We all know the rest of that story.
ANN's editors posed the question of "what's changed" in aviation
as a result of 9/11. I've thought about it quite a bit, and the
answer for me personally is "not much". Most of my cross-country
trips are flown IFR, so airspace isn't much of a challenge. In five
years of actively instructing around the entire United States I've
yet to have to cancel a flight because of Temporary Flight
Restrictions (TFRs). I've always been a proponent of checking
weather and Notices to Aviators (NOTAMs), so a brief TFR check
before each flight is nothing new to me.
Some of my friends have been very affected by 9/11's aftermath,
people who live and fly in the vicinity of Washington, DC. In fact,
I flew (commercially) out of Baltimore/Washington on the night of
9/9/2001 after a weekend of instruction that included "low
approaches" over Andrews Air Force Base, home of Air Force One (we
did have to hold outside the area for a while as the President came
in from somewhere that last peacetime Sunday). Now pilots in the
Baltimore/Washington metroplex have Draconian rules for VFR flight
in the area.
Another demographic that has been hurt noticeably in the wake of
9/11 is the professional flight training sector. Before 9/11 a
large profit center for US flight schools was training foreign
nationals (ironically, most from the Middle East), for whom it was
far cheaper and less restrictive to travel here than to fly at
home. Now that lucrative market is all but gone due to stringent
rules for teaching non-citizens to fly in this country. Some of the
largest American training providers have established satellite
centers overseas to recapture this market.

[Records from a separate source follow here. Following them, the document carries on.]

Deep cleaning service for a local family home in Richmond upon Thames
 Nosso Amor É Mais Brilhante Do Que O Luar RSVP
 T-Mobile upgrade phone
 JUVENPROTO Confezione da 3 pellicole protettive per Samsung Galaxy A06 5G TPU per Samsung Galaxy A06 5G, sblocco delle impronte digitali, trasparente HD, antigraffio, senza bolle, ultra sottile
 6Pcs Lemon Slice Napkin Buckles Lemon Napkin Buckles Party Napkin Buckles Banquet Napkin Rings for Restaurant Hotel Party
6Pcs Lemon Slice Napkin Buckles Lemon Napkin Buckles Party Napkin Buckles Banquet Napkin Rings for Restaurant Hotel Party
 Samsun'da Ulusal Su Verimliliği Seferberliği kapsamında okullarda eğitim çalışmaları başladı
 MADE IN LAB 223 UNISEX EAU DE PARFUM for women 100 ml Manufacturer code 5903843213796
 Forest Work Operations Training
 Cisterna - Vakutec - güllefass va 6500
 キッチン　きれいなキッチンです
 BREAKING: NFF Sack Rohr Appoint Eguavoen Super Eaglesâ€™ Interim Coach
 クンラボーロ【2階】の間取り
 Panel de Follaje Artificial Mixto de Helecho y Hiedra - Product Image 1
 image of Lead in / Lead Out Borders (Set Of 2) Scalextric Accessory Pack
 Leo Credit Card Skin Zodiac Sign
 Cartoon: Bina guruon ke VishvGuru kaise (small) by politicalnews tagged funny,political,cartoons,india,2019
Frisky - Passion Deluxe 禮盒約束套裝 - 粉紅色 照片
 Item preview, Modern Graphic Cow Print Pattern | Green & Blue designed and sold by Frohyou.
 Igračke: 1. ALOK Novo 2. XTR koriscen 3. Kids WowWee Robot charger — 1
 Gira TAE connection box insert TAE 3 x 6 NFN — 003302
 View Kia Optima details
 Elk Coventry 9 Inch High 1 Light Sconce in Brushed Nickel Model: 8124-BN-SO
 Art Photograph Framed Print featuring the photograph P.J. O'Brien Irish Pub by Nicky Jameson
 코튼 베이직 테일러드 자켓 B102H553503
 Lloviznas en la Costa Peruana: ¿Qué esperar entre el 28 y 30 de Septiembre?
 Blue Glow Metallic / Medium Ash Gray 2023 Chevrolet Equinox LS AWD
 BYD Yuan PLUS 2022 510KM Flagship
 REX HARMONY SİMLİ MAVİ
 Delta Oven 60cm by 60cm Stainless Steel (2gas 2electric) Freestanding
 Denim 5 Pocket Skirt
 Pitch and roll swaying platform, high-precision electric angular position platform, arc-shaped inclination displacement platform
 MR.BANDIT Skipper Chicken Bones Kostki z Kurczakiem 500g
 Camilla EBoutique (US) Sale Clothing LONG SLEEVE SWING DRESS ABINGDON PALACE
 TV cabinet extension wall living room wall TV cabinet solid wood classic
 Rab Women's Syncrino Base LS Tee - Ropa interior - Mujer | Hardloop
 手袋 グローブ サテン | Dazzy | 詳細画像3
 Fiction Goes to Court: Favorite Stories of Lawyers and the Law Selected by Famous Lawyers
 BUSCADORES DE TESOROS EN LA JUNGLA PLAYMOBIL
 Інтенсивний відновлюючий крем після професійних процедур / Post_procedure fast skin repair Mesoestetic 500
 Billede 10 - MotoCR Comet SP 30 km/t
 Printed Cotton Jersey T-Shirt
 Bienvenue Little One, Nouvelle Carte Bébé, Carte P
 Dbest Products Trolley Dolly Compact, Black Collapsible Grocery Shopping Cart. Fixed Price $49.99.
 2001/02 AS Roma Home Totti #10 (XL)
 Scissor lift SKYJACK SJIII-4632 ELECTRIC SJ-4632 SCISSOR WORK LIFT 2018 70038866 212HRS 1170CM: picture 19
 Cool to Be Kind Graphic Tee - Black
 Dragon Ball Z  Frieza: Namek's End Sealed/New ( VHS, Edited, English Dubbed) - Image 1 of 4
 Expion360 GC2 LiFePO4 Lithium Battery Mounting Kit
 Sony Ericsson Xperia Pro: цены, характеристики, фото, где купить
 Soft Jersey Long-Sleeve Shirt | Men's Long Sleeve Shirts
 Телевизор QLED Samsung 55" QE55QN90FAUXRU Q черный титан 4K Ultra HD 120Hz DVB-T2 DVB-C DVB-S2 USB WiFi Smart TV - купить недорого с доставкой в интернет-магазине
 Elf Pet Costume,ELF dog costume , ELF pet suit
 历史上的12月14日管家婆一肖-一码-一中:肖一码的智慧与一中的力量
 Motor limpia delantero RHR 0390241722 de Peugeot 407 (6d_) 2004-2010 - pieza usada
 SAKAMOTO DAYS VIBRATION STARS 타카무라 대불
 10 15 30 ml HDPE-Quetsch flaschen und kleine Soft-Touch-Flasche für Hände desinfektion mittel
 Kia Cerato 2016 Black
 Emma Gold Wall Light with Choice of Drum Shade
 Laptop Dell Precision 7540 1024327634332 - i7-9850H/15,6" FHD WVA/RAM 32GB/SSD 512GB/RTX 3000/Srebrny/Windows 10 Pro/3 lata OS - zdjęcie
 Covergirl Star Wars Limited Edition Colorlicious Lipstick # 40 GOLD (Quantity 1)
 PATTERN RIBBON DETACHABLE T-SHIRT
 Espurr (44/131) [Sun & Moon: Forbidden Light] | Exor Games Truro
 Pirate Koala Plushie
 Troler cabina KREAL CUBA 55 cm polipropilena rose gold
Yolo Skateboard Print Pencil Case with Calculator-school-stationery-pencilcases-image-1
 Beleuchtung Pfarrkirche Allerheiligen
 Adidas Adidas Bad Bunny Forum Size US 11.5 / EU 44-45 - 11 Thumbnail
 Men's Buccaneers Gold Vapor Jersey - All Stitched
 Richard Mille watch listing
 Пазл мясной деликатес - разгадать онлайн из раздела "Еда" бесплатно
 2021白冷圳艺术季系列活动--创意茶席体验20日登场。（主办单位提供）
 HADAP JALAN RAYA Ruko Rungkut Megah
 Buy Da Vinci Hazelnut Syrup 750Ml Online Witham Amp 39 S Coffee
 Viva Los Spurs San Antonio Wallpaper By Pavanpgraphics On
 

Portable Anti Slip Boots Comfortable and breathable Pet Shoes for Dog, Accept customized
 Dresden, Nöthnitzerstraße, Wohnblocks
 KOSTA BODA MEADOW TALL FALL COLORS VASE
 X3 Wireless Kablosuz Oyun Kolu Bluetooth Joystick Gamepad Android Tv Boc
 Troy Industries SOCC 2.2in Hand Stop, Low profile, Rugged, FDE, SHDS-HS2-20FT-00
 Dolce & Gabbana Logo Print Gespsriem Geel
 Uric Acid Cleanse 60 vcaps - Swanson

But for the vast majority of us, I think, not much has changed
as a direct result of 9/11. This is not to say we don't face some
serious obstacles as an industry and an avocation:
-
The Gulag Aero-pelago. Many
lament the security measures in place at even the smallest airports
since 9/11 that virtually eliminate the "airport kid" hanging
around before finally beginning to learn to fly. Think back,
though, and you'll remember we were talking about this long before
September of 2001. We've put up more fences in the last five years,
but airport managers were chasing onlookers off the ramp before the
War on Terror began-worried then not about an attacker taking to
the skies, but a legal offensive if the slightest little thing went
wrong and the sightseer, or the airport kid's parents, took to the
courts.
- The cost. Fuel prices are a major issue for
pilots today, but the very high cost of flying was in the news long
before 9/11. Remember the Recreational Pilot certificate in the
1980s, and the Primary Aircraft category in the early 1990s? These
were measures pushed hard to approval by the AOPA, EAA and others
to avert the "looming pilot crisis" attributed to flying's great
expense decades before wars (and natural disasters) kicked fuel
prices higher this side of that September.
- Insurance. Fuel notwithstanding, the cost, and
the very availability, of insurance is a big deterrent to personal
flight. This, too, predates 9/11-I'm guilty of writing articles
with titles like "The Insurance Crisis", "Strategies for Lower
Aircraft Insurance Premiums" and "The Airplane Owner's Glass
Ceiling" in the 1990s, showing that 9/11 had little to impact in
this area. Any improvement in aviation safety has been offset by
the costs of repairing broken airplanes, and staving off passenger
lawsuits-and the safety record is complete unrelated to 9/11.
- Airports. Airport closures have been in the
news since the 1980s. Except perhaps in the immediate Washington DC
area, 9/11 has had no effect on the number of runways
available.
- Airlines. Indirectly private aviation suffers
many of the same fates as the airlines, which were in a financial
tail-spin long before the events of September 11th. The era of big
legacy carriers was already crumbling before airliners morphed from
hijacker's bargaining chips to terrorists' cruise missiles.
Significantly, however, carry-on restrictions and public fears of
commercial air travel following the recently foiled London-based
airline terror threat have increased interest in charter and other
"small airplane" flying, which may indirectly boost the Very Light
Jets vision and help keep municipal airports open.
- Public perception. This, too, has been a major
detriment to personal aviation since longer before 9/11. The
difference now is that the terrorists trained in, and apparently
made at least preliminary plans to use, US-based light aircraft to
carry out their schemes. Despite the wisdom that a light airplane
could not carry out 9/11-style destruction, there are any number of
scenarios where a small airplane (and to the public anything from a
Regional Jet on down is a "small airplane") could be used to incite
terror on a limited scale, if even something akin to the
(non-aviation) DC area sniper a couple years ago. ANN has reported
before that terrorist groups are even acquiring small, unmanned
drones for some purpose, and if a payload-challenged Unmanned
Aerial Vehicle causes concern, a Piper Cherokee could engender
panic (remember James Bond's Goldfinger and the PA28 aerial gas
attack on Fort Knox). One successful small-airplane attack on US
soil would be catastrophic for all personal aviation. Short of
that, however, a pre-9/11 public relations blitz must be sustained
to combat the poor public perception of "little airplanes". This
problem did no begin on September 11th.
Aero-tip of the day: Horrible though they were,
in most cases the events of five years ago today did not
precipitate impediments to most personal aviation. Concentrate on
the basics -- safety, education and mentorship, airport security,
public relations and a good Airport Watch program -- to focus on
the real threats to personal aviation's freedoms.